But where were they, the fine pressed brims and tie clips and stockings with the clean black line down the back of the leg? No matter how long she closed her eyes, each time she opened them the people did not belong. Little girls crossed the floor in baseball caps, and under scrolling electronic screens grown women in clingy whites bickered. They all carried beach bags and neon-colored towels and not one of them stood up straight, not one of them was someone she could imagine knowing.

Where was Declan? Had he gone to buy the tickets? Was it already the season for the cabin and the red-and-white-checked tablecloth and chicken salad and watermelon? Edith scanned the little vendor windows, their gratings’ gilded curlicues familiar, the counters still marble. That, at least. But his shape was nowhere, and the shoes on her feet had two strange straps that did not buckle, that just stayed somehow. Her elbows had pasty folds and the skin on her hands looked as if it would tear. Not one of them was someone she could imagine knowing!
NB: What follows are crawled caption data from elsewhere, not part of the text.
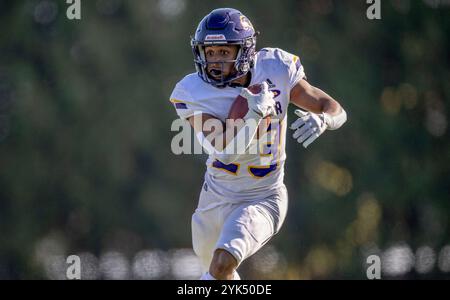 (Ottawa, Canada---19 ottobre 2024) Tayshaun Jackson dei Golden Hawks della Laurier University. OUA regular season football - Laurier Golden Hawks 44 Carl Foto Stock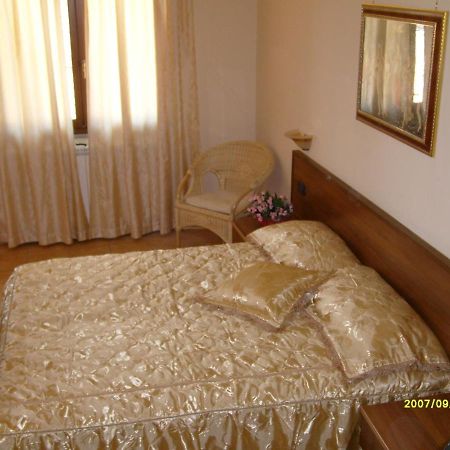 Hotel Ristorante Degli Amici Mongiana 外观 照片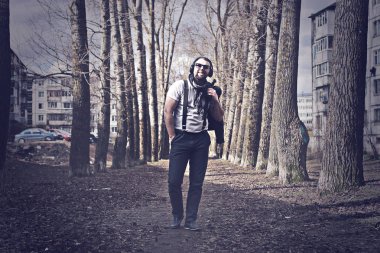 Sokaktaki yalnız adamın retro tonlu efektli fotoğrafı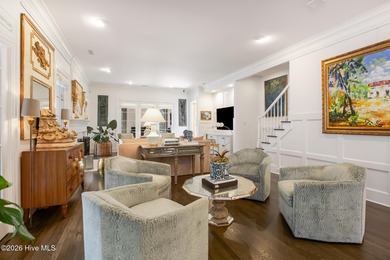 1810 Mews Drive | Landfall Resort-style outdoor living sets 1810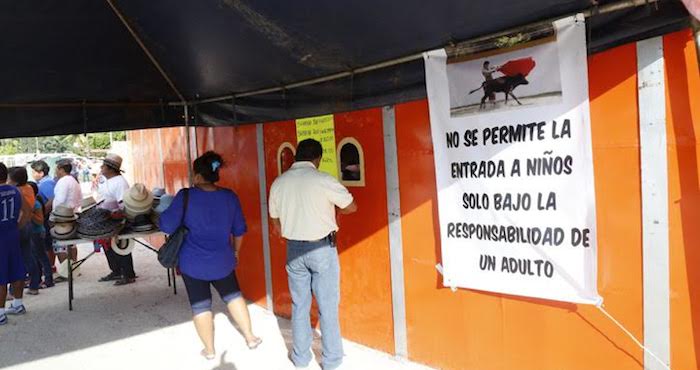 PAC compareció ante la CDHE Campeche con el fin de evitar que el evento de tauromaquia permitiera entrada a menores. Foto: Cortesía de FUSCAA (Frente Unido por el Ambiente y los Animales)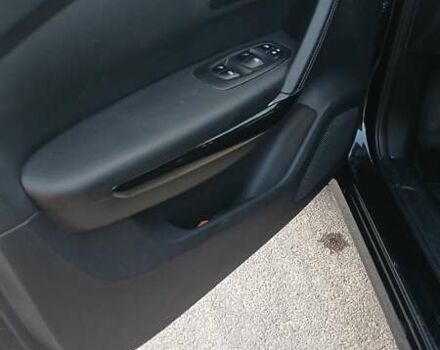 Черный Рено Kadjar, объемом двигателя 1.46 л и пробегом 255 тыс. км за 14450 $, фото 11 на Automoto.ua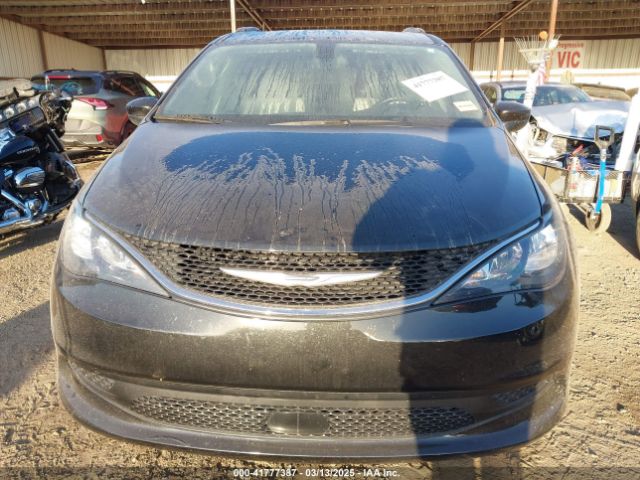 2C4RC1DG8MR551168 Chrysler Voyager Lxi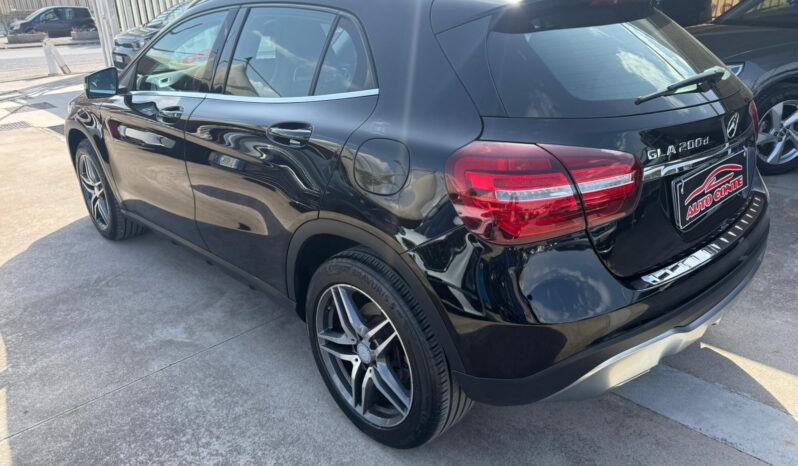 MERCEDES GLA SPORT AUTOMATICO 2017 pieno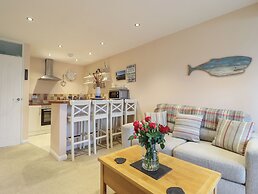 Oakley View Apartment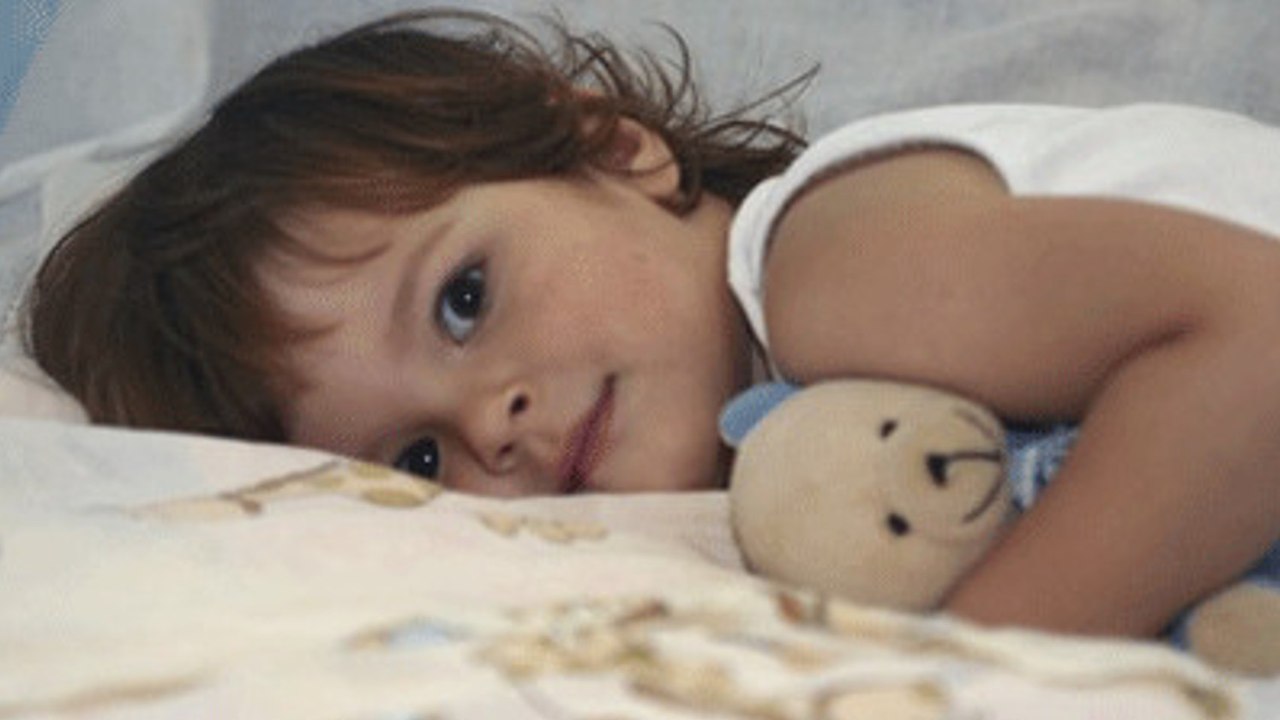 Ce Papa découvre que sa petite fille de 3 ans a des pouvoirs surnaturels. Ce qu'elle lui dit va lui glacer le sang !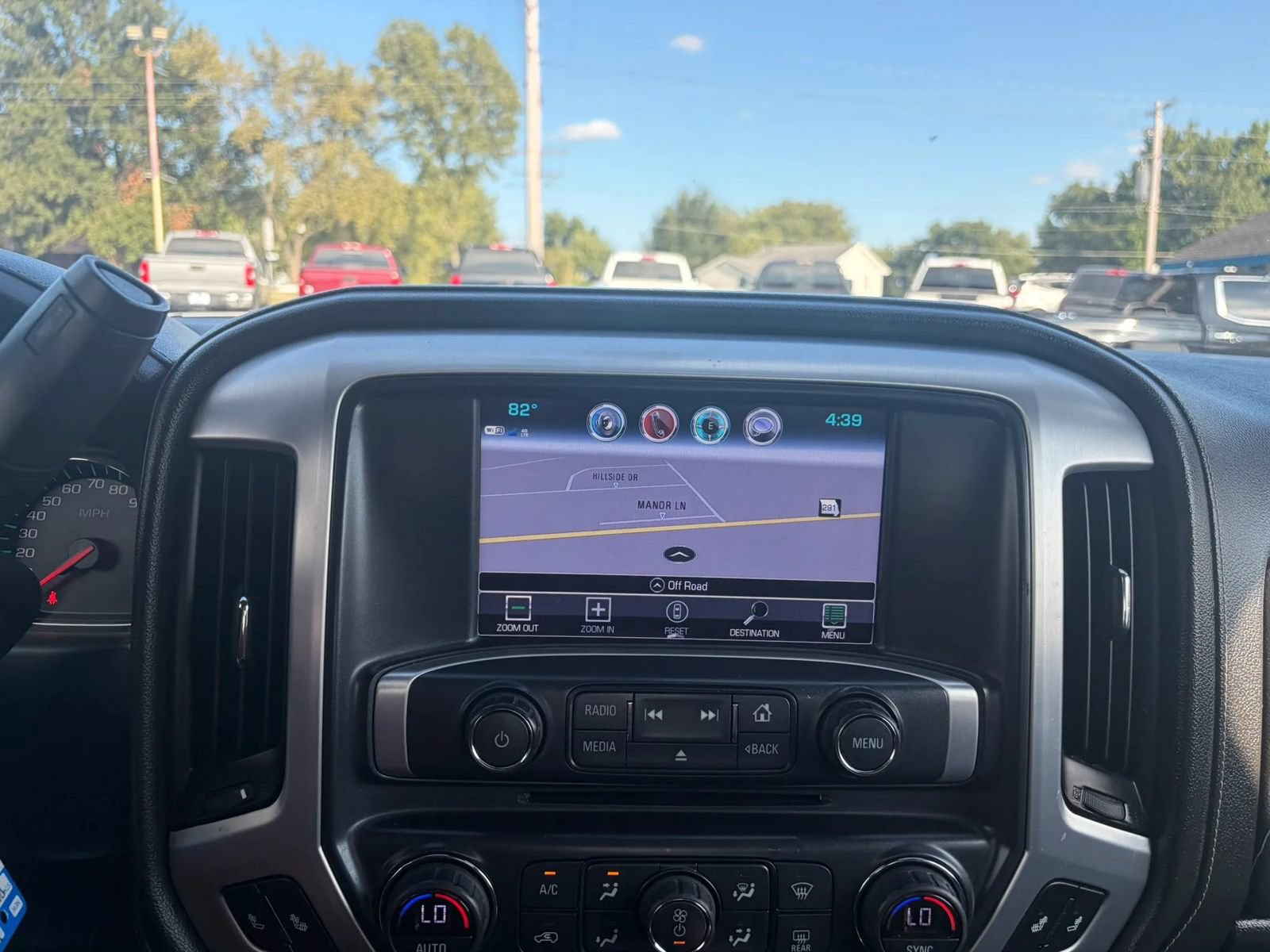 Used 2017 GMC Sierra 3500 SLT w/ Snow Plow Prep Package AWD/4WD image 15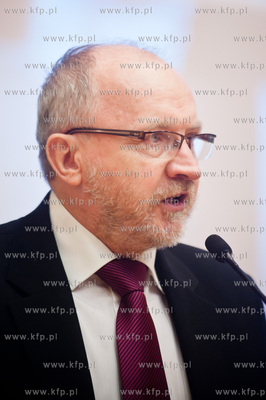 Gdansk. Uniwersytet Gdanski. Wydzial Prawa i Administracji....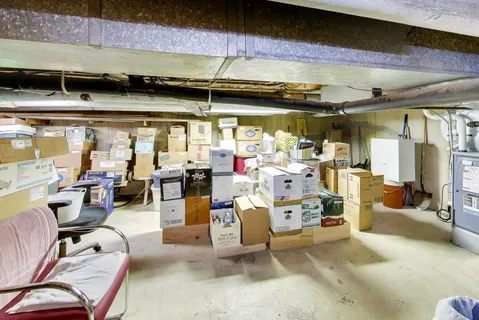 $529,900 | 19W067 Avenue Normandy South, Oak Brook, IL 60523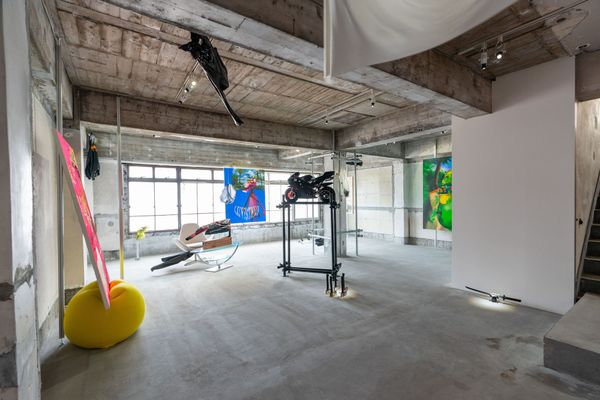 "薄っぺらい"美学を探索する | Exploring the "Ultra-Thin" Aesthetic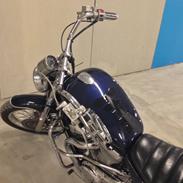 Suzuki Intruder VS750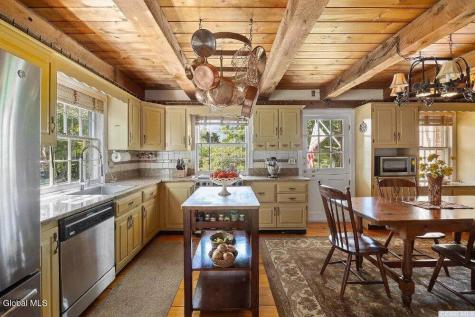 132 Biittig Road Averill Park NY 12018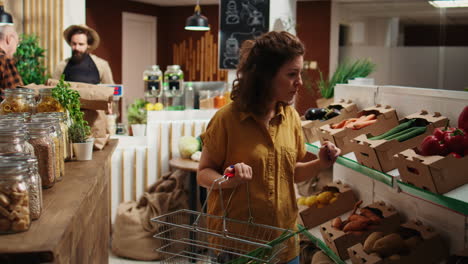 client adds organic veggies to basket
And then she was or had been yelling “Declan,” but she had stopped because he always said if they lost each other in an urban sea to root herself just like a tree. She looked through the glass at the moving dark tunnel and knew many truths about her life at once: that Jenny practicing spelling on the kitchen table while she steamed spinach was what she liked best, that when she sat upright in her wooden school desk she could feel the sixteen-year-old boy behind her thinking of undoing the button at the back of her neck, that she liked math for its clear-cut authority and always found test days reassuring. That her father liked to braid her hair when the chores were done and the chairs were on the porch with their familiar groan and the smell of biscuits drifted outside. That when she was particularly well behaved her mother would place her on her lap, let Edith steer the big round leather wheel and look through the windshield at the people lining up for the matinee under the marquee the town got together to pay for.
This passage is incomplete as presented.